あぁそうでしたか^^;初めから分かっていればなぁー(爆)
マリオンの方がメインだと信じ込んで(さらには海や水族館系の)
美しい光景を想像に描いていると、泥水の中に突き落とされる^^;
暴力、セックス、貧困、障害、さらには子育ても加わり、どちらか
といえば、険しいケモノみちに取り残された感が強くなってくる。
決して分かり辛い話ではないので、訳が分からなくはならないが、
主人公の行動そのものが不信感、不安感、生々しさの総てなので
あーあー、またそっち行っちゃったよ(汗)みたいな、なんというか
総てが裏目に出る男の不安と不幸と欲望塗れの生活を見せられ
ているような気分になってくるのだ。決して心地良い作品ではない。
まぁ男性向きだと、いえるのかなぁ…。
ちなみにマリオンはキレイですよ^^; 両脚を失ってもすっぴんでも。
無理に絡めたと思われる脚本は、まず関係のない話に関係性を
持たせるため、二人を出逢わせ、事故に遭わせ、また出逢わせて、
男と女の関係へと進めていくのだけど、どう考えてもあの彼女が、
道端格闘技に燃える主人公を応援するとは思えず、むしろ心配して
やめさせる方に出るんじゃないかと、私には思えて仕方なかった。
自身が男遊びに興じていたとはいえ、やたらと暴力を振るわれたり、
血まみれになって車に戻ってくる男をお金の為にまた送り出すなんて
(さらに他の女とも自分とも、身体だけ?と思わせる性行為が多くて)
結婚?して子供まで作っておきながら、今さら女の扱いが分からない
なんて(だから妻とも別れたのか?)あり得るんだろうかと首を傾げる。
姉と義兄の恩情に感謝していたのは分かるが、まさかの違法行為で
姉を解雇に追い込み、自身はまるで逃亡?とも思われる突然失踪。
分からん、まったくもって分からんぞ!
どうしてアンタには、女・子供の気持ちが分からんのだ!?
しかし彼には強運がついている。
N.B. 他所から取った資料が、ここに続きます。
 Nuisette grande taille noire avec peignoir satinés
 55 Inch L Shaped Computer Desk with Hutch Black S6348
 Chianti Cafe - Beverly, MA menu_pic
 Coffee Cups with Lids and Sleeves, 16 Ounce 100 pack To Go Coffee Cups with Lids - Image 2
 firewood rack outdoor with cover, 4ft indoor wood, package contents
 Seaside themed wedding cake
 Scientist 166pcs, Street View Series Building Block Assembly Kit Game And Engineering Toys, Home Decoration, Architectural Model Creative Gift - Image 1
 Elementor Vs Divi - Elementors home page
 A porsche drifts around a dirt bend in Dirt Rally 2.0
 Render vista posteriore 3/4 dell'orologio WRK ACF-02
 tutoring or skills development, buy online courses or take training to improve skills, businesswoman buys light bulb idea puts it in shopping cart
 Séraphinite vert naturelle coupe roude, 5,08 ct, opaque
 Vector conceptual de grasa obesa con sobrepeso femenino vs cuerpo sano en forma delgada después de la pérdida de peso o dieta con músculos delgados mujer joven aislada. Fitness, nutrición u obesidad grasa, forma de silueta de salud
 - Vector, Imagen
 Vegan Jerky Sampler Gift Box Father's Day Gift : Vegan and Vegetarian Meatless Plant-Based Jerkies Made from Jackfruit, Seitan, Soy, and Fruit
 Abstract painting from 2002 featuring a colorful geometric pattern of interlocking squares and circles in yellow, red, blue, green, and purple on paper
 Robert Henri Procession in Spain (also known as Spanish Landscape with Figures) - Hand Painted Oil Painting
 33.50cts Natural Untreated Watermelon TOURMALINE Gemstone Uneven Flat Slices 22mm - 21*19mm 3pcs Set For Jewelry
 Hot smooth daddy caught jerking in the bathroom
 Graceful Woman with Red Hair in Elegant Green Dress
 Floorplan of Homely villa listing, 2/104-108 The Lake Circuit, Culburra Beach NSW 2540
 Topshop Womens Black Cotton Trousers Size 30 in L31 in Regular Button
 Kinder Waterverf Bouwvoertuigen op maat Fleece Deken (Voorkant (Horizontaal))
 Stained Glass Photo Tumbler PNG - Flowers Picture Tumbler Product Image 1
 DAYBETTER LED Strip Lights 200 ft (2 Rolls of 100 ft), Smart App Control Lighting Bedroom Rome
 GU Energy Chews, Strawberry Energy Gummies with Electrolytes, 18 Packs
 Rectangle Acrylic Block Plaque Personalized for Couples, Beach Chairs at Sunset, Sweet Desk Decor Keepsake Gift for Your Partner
誰も彼を恨んだり責めたりしない。
義兄の親切っぷりには涙が出るほど、あり得なさが満載だし~(爆)
アリ、いいかい?氷上に子供残して立ちションするのはアンタだけ!
ファイターとしては才能あっても、人間としてはまだまだのアリ。
チャンピオンベルトに彩られたラストの幸福が、どうしても私には
「チャンプ」みたいになるんじゃないかと、坊やの顔を見てしまった。
小説の方がもっと粗野だけど、あり得る日常を描いている気がする。